Provided information:
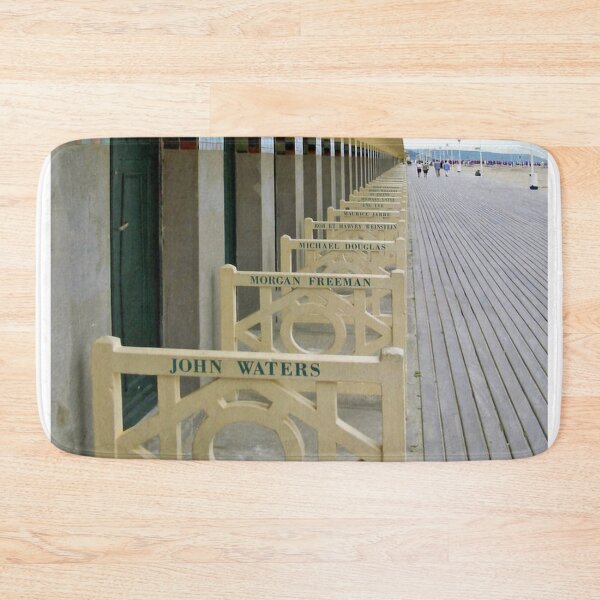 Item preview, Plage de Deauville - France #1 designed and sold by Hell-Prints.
==
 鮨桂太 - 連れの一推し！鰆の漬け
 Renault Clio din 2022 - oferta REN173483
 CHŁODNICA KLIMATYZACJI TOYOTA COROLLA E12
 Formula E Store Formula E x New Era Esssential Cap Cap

Problem:
All lines above from the one holding "鮨桂太 - 連れの一推し！鰆の漬け" to the one holding "Formula E Store", inclusive, are to be copied exactly; no other line is wanted.

Reply:
 鮨桂太 - 連れの一推し！鰆の漬け
 Renault Clio din 2022 - oferta REN173483
 CHŁODNICA KLIMATYZACJI TOYOTA COROLLA E12
 Formula E Store Formula E x New Era Esssential Cap Cap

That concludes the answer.